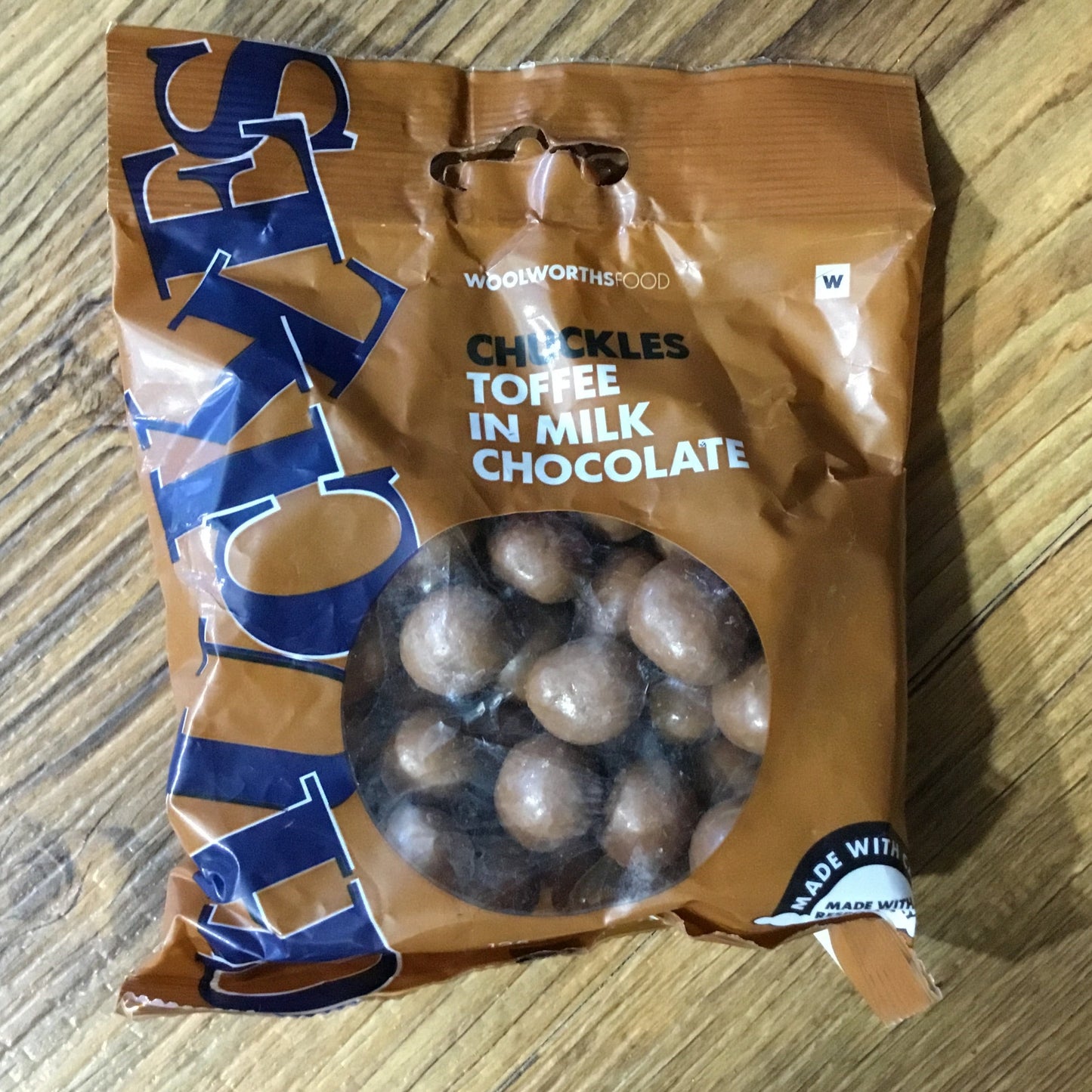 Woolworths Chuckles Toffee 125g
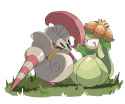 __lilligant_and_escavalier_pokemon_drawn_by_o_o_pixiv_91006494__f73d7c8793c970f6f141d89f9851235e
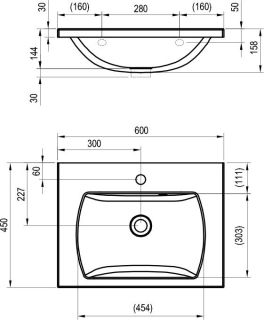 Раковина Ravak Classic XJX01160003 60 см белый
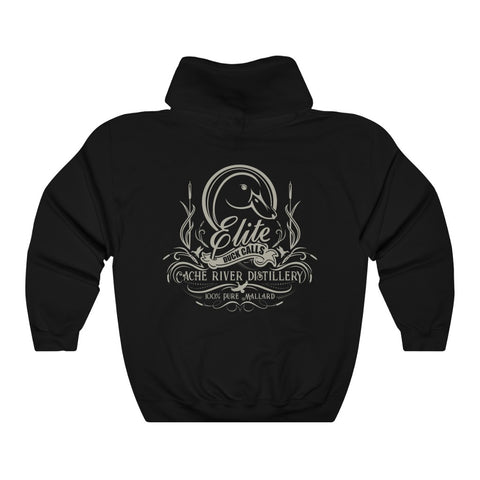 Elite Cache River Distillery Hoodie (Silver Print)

§ EXERCISE PROMPT: Transcribe the whole listing exactly but exclude images.

§ EXERCISE OUTPUT:
 Woolworths Chuckles Toffee 125g
 __lilligant_and_escavalier_pokemon_drawn_by_o_o_pixiv_91006494__f73d7c8793c970f6f141d89f9851235e
 Раковина Ravak Classic XJX01160003 60 см белый
 Elite Cache River Distillery Hoodie (Silver Print)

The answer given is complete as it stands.